Ideas, insights and inspirations.

Today, we celebrate the first glorious anniversary of the Information Purification Directives. We have created, for the first time in all history, a garden of pure ideology—where each worker may bloom, secure from the pests purveying contradictory truths. Our Unification of Thoughts is more powerful a weapon than any fleet or army on earth. We are one people, with one will, one resolve, one cause. Our enemies shall talk themselves to death, and we will bury them with their own confusion. We shall prevail!

Anyone who remembers watching the Super Bowl 29 years ago this week may recognize that speech from the now iconic “1984” TV spot that introduced the Apple Macintosh personal computer.

Apple officially aired the original commercial just once, during the third quarter of Super Bowl XVIII, about the time that Los Angeles Raiders running back Marcus Allen broke the hearts of every Washington Redskins fan with a 74-yard-long touchdown run.

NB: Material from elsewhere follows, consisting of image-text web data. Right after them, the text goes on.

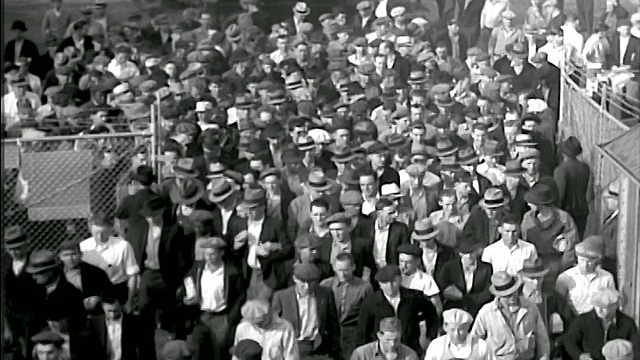 1937年，一群男性工人从工厂大门进入工厂视频素材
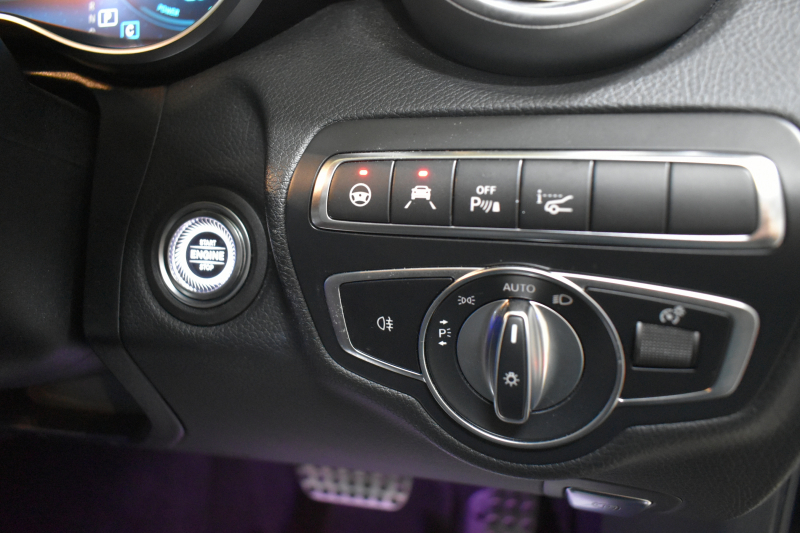 メルセデスベンツ Cクラス C200 ﾛｰﾚｳｽED ｽﾎﾟｰﾂﾌﾟﾗｽP ﾚｰﾀﾞｰｾｰﾌﾃｨP 後期 革 HUD 液晶ﾒｰﾀｰ ﾌｯﾄﾄﾗﾝｸ AMGｴｱﾛ18AW ﾃﾞｨｽﾄﾛ ﾌﾞﾗｲﾝﾄﾞS ﾚｰﾝK ﾅﾋﾞTV  ﾊﾞｯｸｶﾒﾗ ｷｰﾚｽｺﾞｰ 2年保証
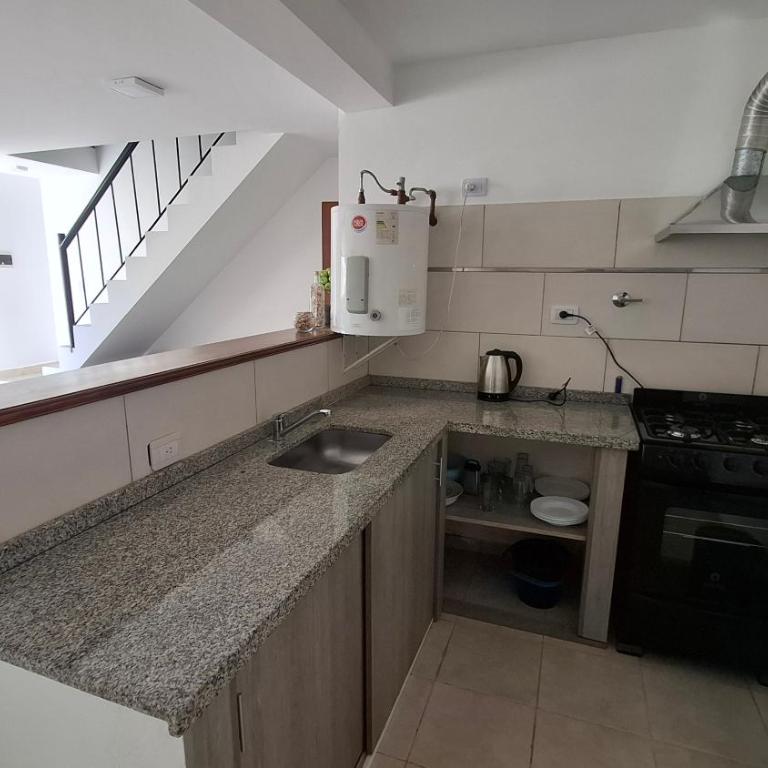 Casa Funes Duplex con Patio y Cochera a 5min del Estadio Kempes y 10min Aeropuerto - One-Bedroom Apartment with Terrace - 7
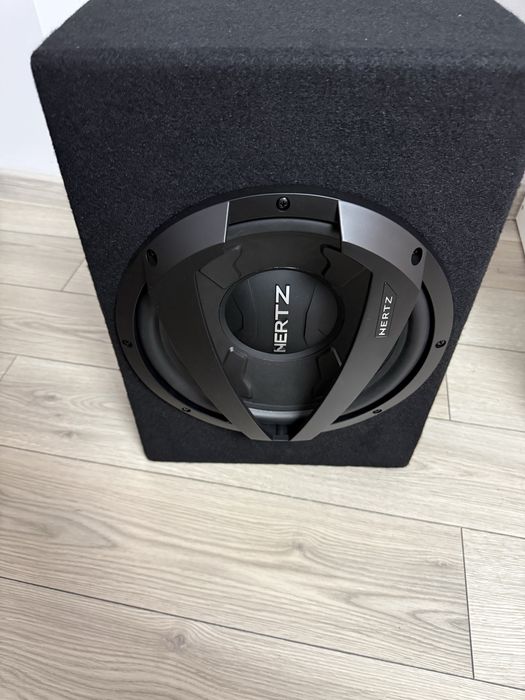 Subwoofer hertz dbx 30.3 + statie hertz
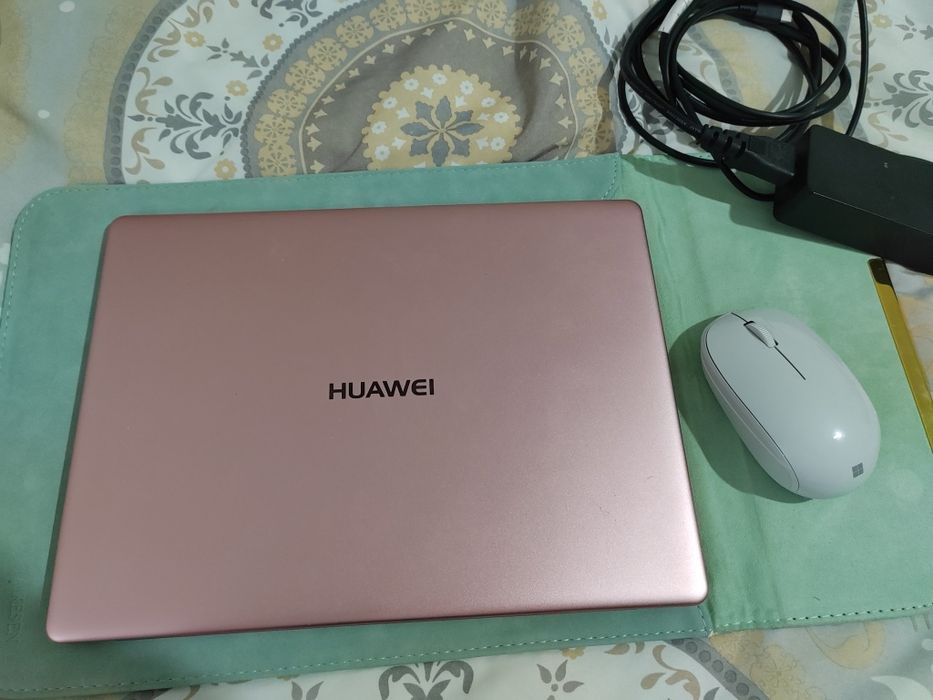 Laptop Huawei MateBook 13 WT-W09 i5 / 8GB / SSD / mouse + husă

Apple and its agency, Chiat/Day, created one of the most famous, honored, and popular (1,750,000 YouTube views and counting) pieces of communication since President Abraham Lincoln’s Gettysburg Address. Like Lincoln, Apple spoke once — trusted the power of its communication — and let the audience judge its ultimate meaning and impact.

Remember, the only mention of any product or feature came in the closing seconds of voice over: “On January 24th, Apple Computer will introduce Macintosh. And you’ll see why 1984 won’t be like 1984.”

It’s what I would call holding the tension, between an organization’s nearly insatiable urge to be heard, understood and admired — and an equally strong regard for the audience’s judgment, imagination, and willingness to be challenged.

Like Lincoln, Apple and Chiat/Day’s copywriter and art director, Steve Hayden and Brent Thomas aimed high — at what the great president and orator called the “better angels of our nature.”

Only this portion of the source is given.